I then did a windows command prompt binary file compare "fc /b usb1FileX usb2FileX" where FileX is one of those 200 files and is about 200M in size. It took 10 seconds. Thus, my view is that Winmerge should be taking, at most, about 15 seconds (factoring in some overhead and multiple files) vs over an hour for what it is doing.
The default "full contents" compare method is a multi-threaded comparison. If the file size is large, it will switch to the binary contents compare method according to the "binary compare limit", but the multi-threading will continue. This multi-threaded comparison is done to speed up the diff calculation, but it may slow down the process if the I/O load is high.
If the Binary contents compare method is specified from the beginning, the comparison will be performed in a single thread.
Could you see if the comparison speed changes when you change from the "Full Contents" compare method to the "Binary Contents" compare method as shown below?
Sorry no reply yet from me due to holidays. Please a few more days...
The issue is that WinMerge sneaks into archives. It goes into .ISO and there is no way to turn off.
Also signin up on Github is a mess to. Github is not a userfreandly support forum.

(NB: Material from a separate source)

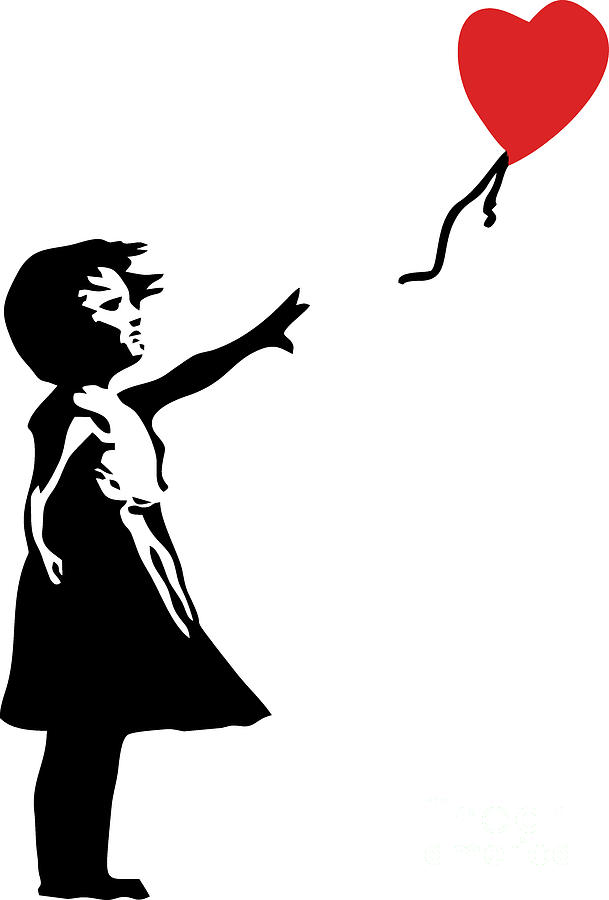 Girl Mixed Media - Banksy Girl Heart Balloon by Banksy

'm aware that on this angrty post nothing will happen, but I can't do the compare I would need, and no idea how WinMerge filters would inhibit sneaking into archives (archiv support turned off *2 course.
Thats also why you get my unfreandly rubbish user name.
(using winmerge 2.16.16.0, x86)
ISSUE: I believe winmerge is reading or processing full file data even when, during a compare, it is only set to use a small 'compare limit' and thus SHOULD only be reading the 'top' x MB of a file.
SPECIFICS: Comparing about 40G of files on two USB sticks. Most of the files are very large in size (200M-500M) and there are only a comparative small number of 200 files.
I mention USB sticks to indiate a data transfer constraint for this issue report (which might cause the problem to not be noticable on a direct PCI/SSD situation). USB can transfer data fine, but a complete read of 40G from 2 sticks would normally take time, as expected (esp when one is USB2 which one of them is).
A full content compare of this situation is probably 30 minutes or more (I haven't waited to find out). I started one and it went very slowly and I stopped. But I saw the speed as it was proceeding, which is important.
I then went to settings and changed to binary compare (and left the 64M compare limit) and started again. SAME SPEED, by all measures. Dropping from full to 64M didn't seem to improve speed. So I thought 64Mx200=12G might still be too high for me to notice an improvement, so I will change the binary compare limit to a minimal 1M.
1Mx200=200M (times 2 usb sticks) Taking the 'top' 1M of 200 files and pulling it over USB (even USB2) from 2 sticks should take SECONDS.
BUG/ISSUE: the speed of the compare hasn't seemingly changed at all. I'm running a binary (1M limit) compare on 200files as I type this and it is taking similar speeds to a full read 40Gx2 data operation (by rough appearances. I don't have exact timings here but 30 min to compare vs seconds is blatent.)
ASSERTION: I do not believe winmerge is just pulling the 'top' 1M of files. Somehow it is processing/reading the full files (and then once they get to the CPU from the USB probably just operating on the 1M compare limit), but still pulling/reading the entire file first through the USB bus.
SETTINGS of the compare i'm using now which is extremely slow as though it was a full compare (a setting not mentioned is unchecked): Binary compare method, Include Subfolders, Binary Compare limit(MB) 1, whitespace ignore all
Is there an explanation (or something I'm doing wrong) as to why pulling 200x1M=200M of total data from two USB sticks for binary compare is processing at a rate of almost 30minutes to complete (other than somehow winmerge is fully reading each file regardless of "compare limit" setting?